# TSA and cutters



## shapleigh (Oct 4, 2016)

heading on vacation in a couple of weeks, want to bring my smokes and my cutter.
does anyone know of the rules for a/an cutter or should I buy a punch.
next I am new to this arena how do you use a punch
Thanks Shapleigh


----------



## WinsorHumidors (Feb 16, 2016)

Stow your cutter in the checked bag and keep your stogies in your carry on ... seems logical.


----------



## Slowpokebill (Nov 29, 2008)

I'm pretty sure they are exempt but I had a Xikar, that I had traveled with in my pocket many times, taken by TSA last year. I could not convince the officer that it was exempt so now my cutter goes in my checked luggage.


----------



## weedsnager (Apr 20, 2015)

I've flown to Vegas twice this year, I had a cigar cutter on the plane and they never questioned it. I had 2 pipes, pipe tobacco, cigars, two lighters and a cutter I was pulled out of line to have my bag inspected once for magazines, said they could have been sheet bombs, and once for a bottle of foot powder. Didn't bat an eye about the cutter or lighters.


----------



## Cigary (Oct 19, 2007)

TSA and cutters tend to have a disconnect when it comes to whether one agent will ok them and those who don't. I have had trips where on the same trip I had an agent didn't want to ok the lighter ( leaving ) and returning back home they wanted to confiscate it. 3 times in the last 10 years ( same lighter ) I've had an issue with TSA and their wanting to confiscate my lighter to which I always bring a box that is already self addressed with a stamp on it to mail it home...just in case. Good rule of thumb is to outthink them or just don't take your favorite lighter.....buy a bic when you get to your destination or just check it in your suitcase where you can hide it inside a sock and then a shoe.


----------



## weedsnager (Apr 20, 2015)

A soft flame or a torch ?


----------



## Tabloid Snapper (May 31, 2016)

Those TSA Agents are just Federalized Rent-A-Cops, people I know who get stuck flying all the time says there is little standardization in thinking, training, or enforcing rules within the TSA. The good rule with TSA Agents some know there stuff, what is allowed, and what is not allowed. Remember Deputy One Bullet Fife in Mayberry. He would have been upper management in the TSA.

No Torches are allowed, and depending on who is inspecting your carry owns. You could loose your Soft Flame because they could think it is a Torch.
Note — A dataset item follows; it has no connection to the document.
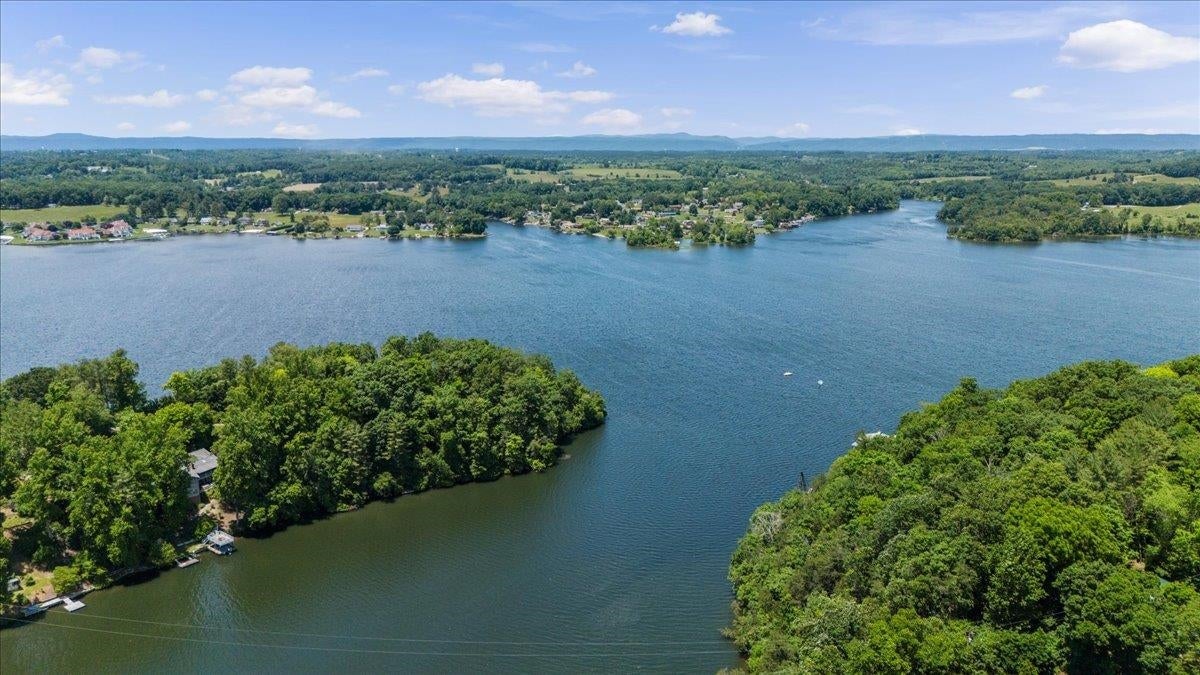 4743 Twin Coves Road Radford, VA 24141 - Photo 56 of 82 Gallery Image 56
Want real Airline Security then fy into Isreal, and they fly out. Isreal takes security serious like it was important.


----------



## Bird-Dog (Oct 16, 2009)

Cigary said:


> TSA and cutters tend to have a disconnect when it comes to whether one agent will ok them and those who don't. I have had trips where on the same trip I had an agent didn't want to ok the lighter ( leaving ) and returning back home they wanted to confiscate it. 3 times in the last 10 years ( same lighter ) I've had an issue with TSA and their wanting to confiscate my lighter to which I always bring a box that is already self addressed with a stamp on it to mail it home...just in case. Good rule of thumb is to outthink them or just don't take your favorite lighter.....buy a bic when you get to your destination or just check it in your suitcase where you can hide it inside a sock and then a shoe.
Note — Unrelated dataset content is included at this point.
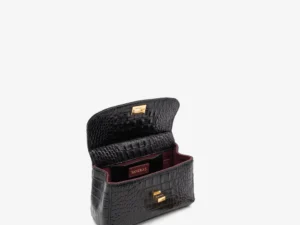 Vivienne.Black.3.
I bought a Transpack back when they were still around. Never a problem getting a torch through in checked luggage in this domestically (Int'l a different story). And my cutter goes in there too. After all, I'm not going to be snippng any cigars on the plane! But then, I still prefer to check bags than drag through through miles of airport terminals. YMMV


----------



## shapleigh (Oct 4, 2016)

Thanks to all I will check my cutter and carry on my smokes...


----------



## tobacmon (May 17, 2007)

*Empty the fuel*

I went to Paris or Costa Rica recently (can't remember which) and was told if it were empty it would be ok. I was told I could take it outside the terminal to empty it and come back through. Well that would of caused me to miss my flight. The old catch 22.
I'm glad it wasn't an expensive lighter. So I had to let it go. Some TSA agent got a lighter for free.:vs_cool:


----------



## Cigary (Oct 19, 2007)

curmudgeonista said:


> I bought a Transpack back when they were still around. Never a problem getting a torch through in checked luggage in this domestically (Int'l a different story). And my cutter goes in there too. After all, I'm not going to be snippng any cigars on the plane! But then, I still prefer to check bags than drag through through miles of airport terminals. YMMV


Internationally is a nightmare sometimes....they tend to want to go through ALL of your luggage if they see something that "looks" to be contraband in your carry on when flying back to the US. I carry Ronson Lighters now....they are like a BIC only these can be recharged....


----------



## Bird-Dog (Oct 16, 2009)

Cigary said:


> Internationally is a nightmare sometimes....they tend to want to go through ALL of your luggage if they see something that "looks" to be contraband in your carry on when flying back to the US. I carry Ronson Lighters now....they are like a BIC only these can be recharged....


Yeah, I know. I have to go to China on business quite a bit. You cannot have a lighter or matches even checked luggage. And they never miss... sniffers or something. So, I only bring Bics since I have to throw them away before my flight back.


----------



## Dual-500 (Feb 20, 2012)

shapleigh said:


> Thanks to all I will check my cutter and carry on my smokes...


By far the best approach. Coming back from London to DFW the inspector destroyed a custom engraved Colibri lighter with built-in cutter by removing the cutter. The lighter was a Christmas gift from a couple of my favorite girls at a local dance club.


----------



## bozoo (Sep 26, 2016)

As I travel between US and Europe, I take my cigars and tools in my checked baggade and tsa is ok with this. When I connect and wish to smoke I pre-cut (so don't need a cutter in my carry on) and use Bic just in case I had to dispose it. Never had to, though.


----------